Башня у моря — страница 131 из 151

– Я бы хотел знать, когда мама приедет из Дублина.

– Она, вероятно, завтра будет в Голуэе. Я подумал, что, прежде чем возвращаться, оставлю для нее записку в отеле «Грейт Сазерн», сообщу, где вы, так что, возможно, она через пару часов приедет сюда к вам.

Драммонд оказался прав. Она приехала. Глаза у нее были красны от слез, одежда помялась от долгого пребывания в поезде. Мать даже не потрудилась аккуратно уложить волосы, и они рассыпались, стоило ей снять шляпку.

– У вас усталый вид, миледи, – сразу же сказала Нэнни. – Вам лучше прилечь и отдохнуть полчасика.

– Нет-нет, – ответила мама. – Я должна увидеть детей.

Она была сильно расстроена.

Нэнни подумала немного, потом сказала:

– Я их приведу к вам.
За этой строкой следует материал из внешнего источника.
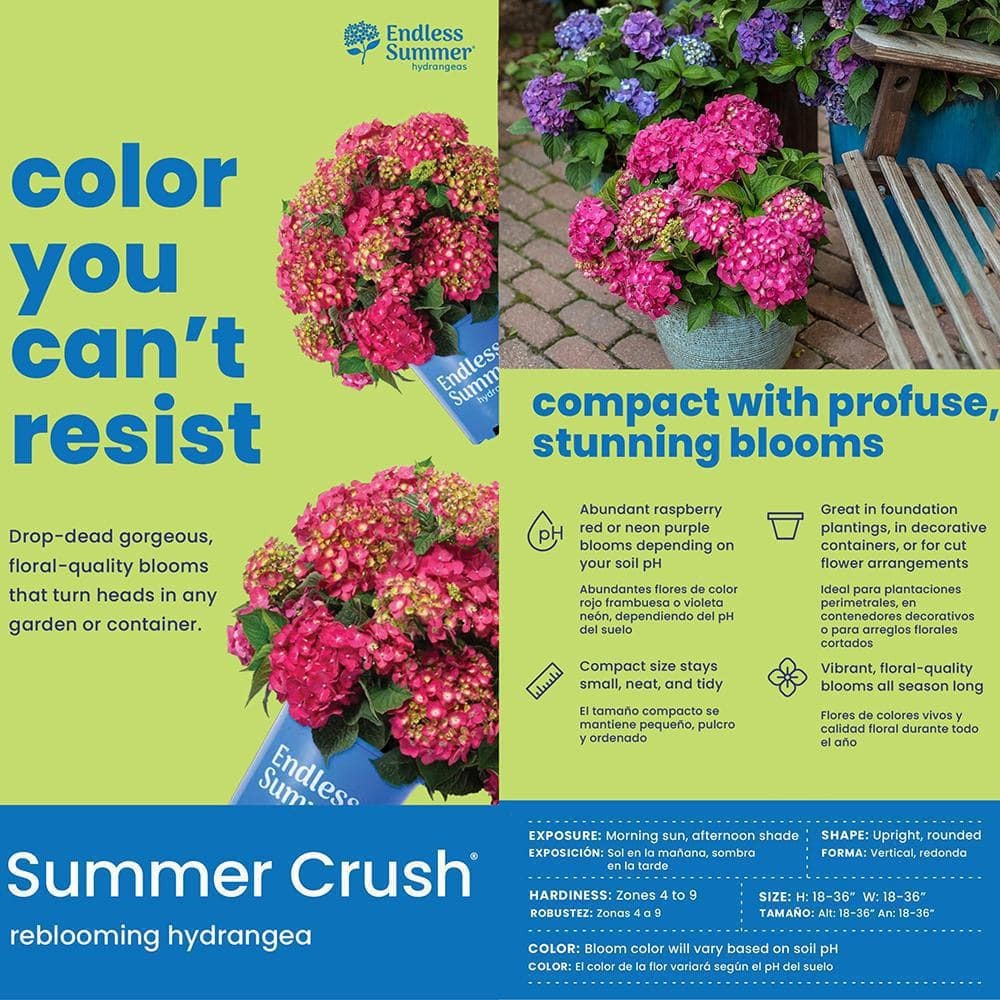 2 Gal. Summer Crush Reblooming Hydrangea Flowering Shrubs with Raspberry Red Flo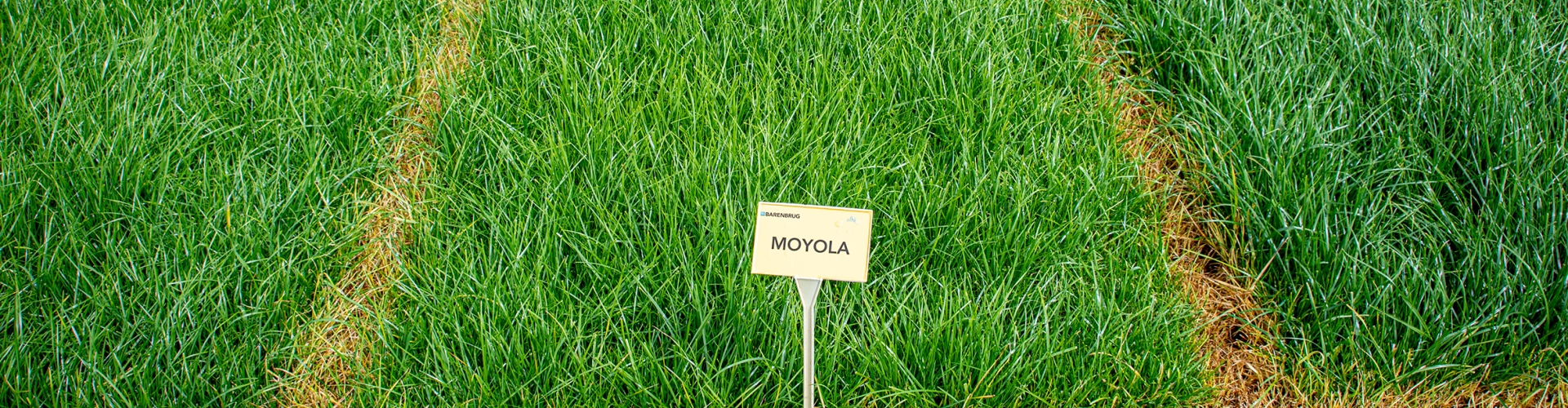 Moyola Agriculture Grass Varieties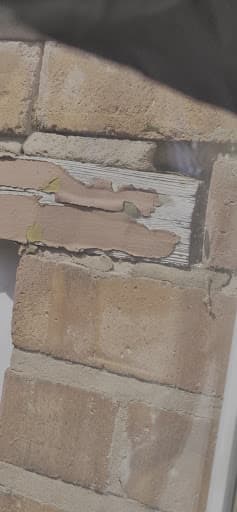 STP Pest Control Ltd — Customer photo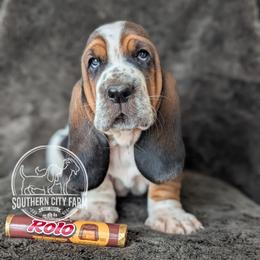 Rolo - Black brown and white male Basset Hound puppy in Talbotton, Georgia from Southern City Bassets
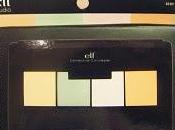 Corrective Concealer Palette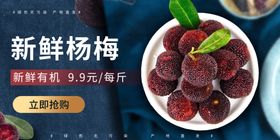 杨梅水果促销活动宣传海报素材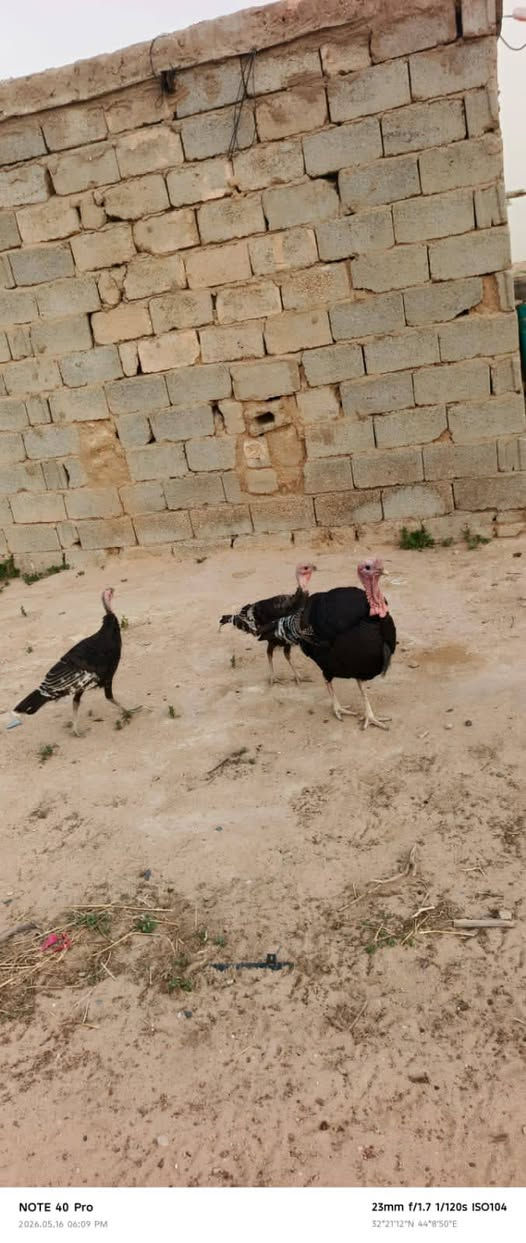 سلام عليكم:: للبيع: فسيفس ومعه ثنين نثايه +بشوش مصري +ديوجه دجاج للبيع السعر التصال على هاذه الرقم ‏‪0774 401 7359‬‏مكان كربلاء
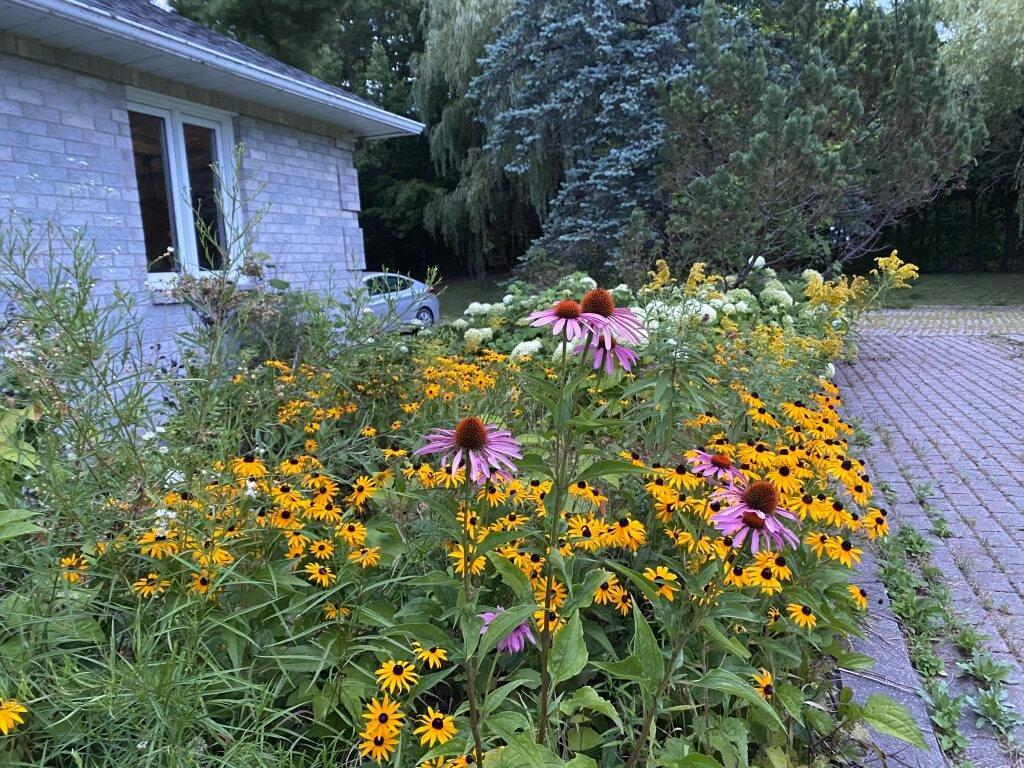 









32


Ch. Wallace

,
Chelsea,




QC
J9B1M6

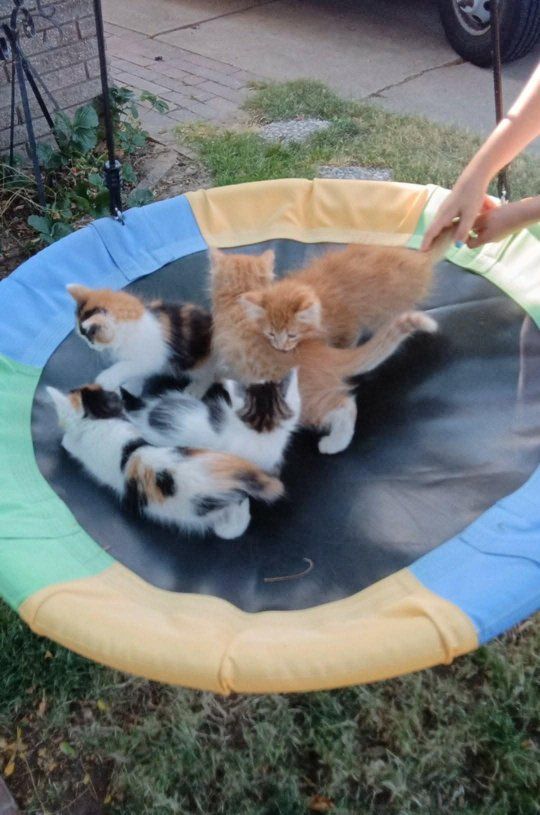 Adorable Kittens (9 weeks)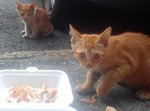 Roksana And Her Kittens - Calico Cat
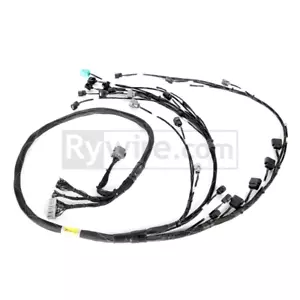 Rywire For RY-K24Z3-BASE Honda K24Z3 Tucked Engine Harness With OBD2 - Bild 1 von 1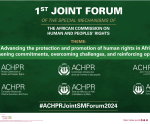 1st Joint Forum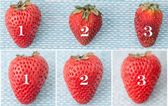 It works! Here’s how to keep berries fresh for weeks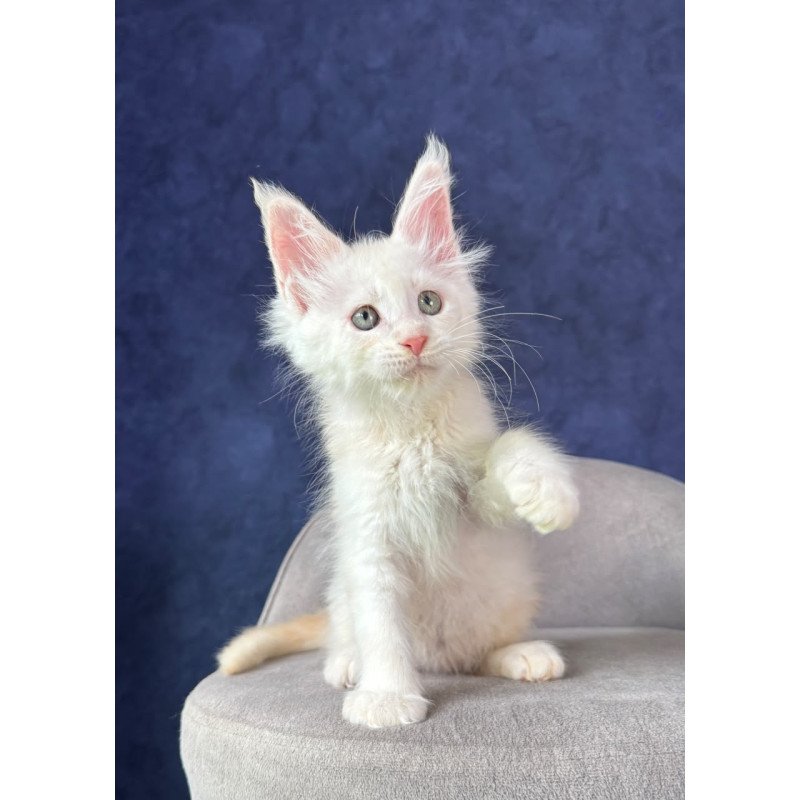 Maine Coon NOV Taivar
Они сейчас с мисс Камерон. Нед, дорогой, закажи матери чай.

– Что случилось, мама? – спросил я, когда мы остались одни.

– Насчет переуступки имения они сомневались и посоветовали пока отложить этот вопрос. Но заявили, что суд вполне может назначить опекунов. Ты не знаешь, отец уже подал иск? Я сказала юристам, что не знаю.

– И я не знаю. Мама, если суд назначит нам опекунов, то это, может быть, будет кто-нибудь вроде дяди Томаса или тети Маделин? Но если так, мы по-прежнему останемся с тобой. Тетя Маделин считает, что мы должны остаться.

– Судья почти наверняка не позволит этого. Из-за прелюбодеяния. И я не ходила в церковь. Не смогла стать для вас примером религиозного поведения. А потом, не отправила тебя в надлежащую школу и позволила дружить с крестьянскими детьми.

– Господи боже! – воскликнул я, настолько пораженный, что забыл о своих страхах. – Какие глупости у людей в голове!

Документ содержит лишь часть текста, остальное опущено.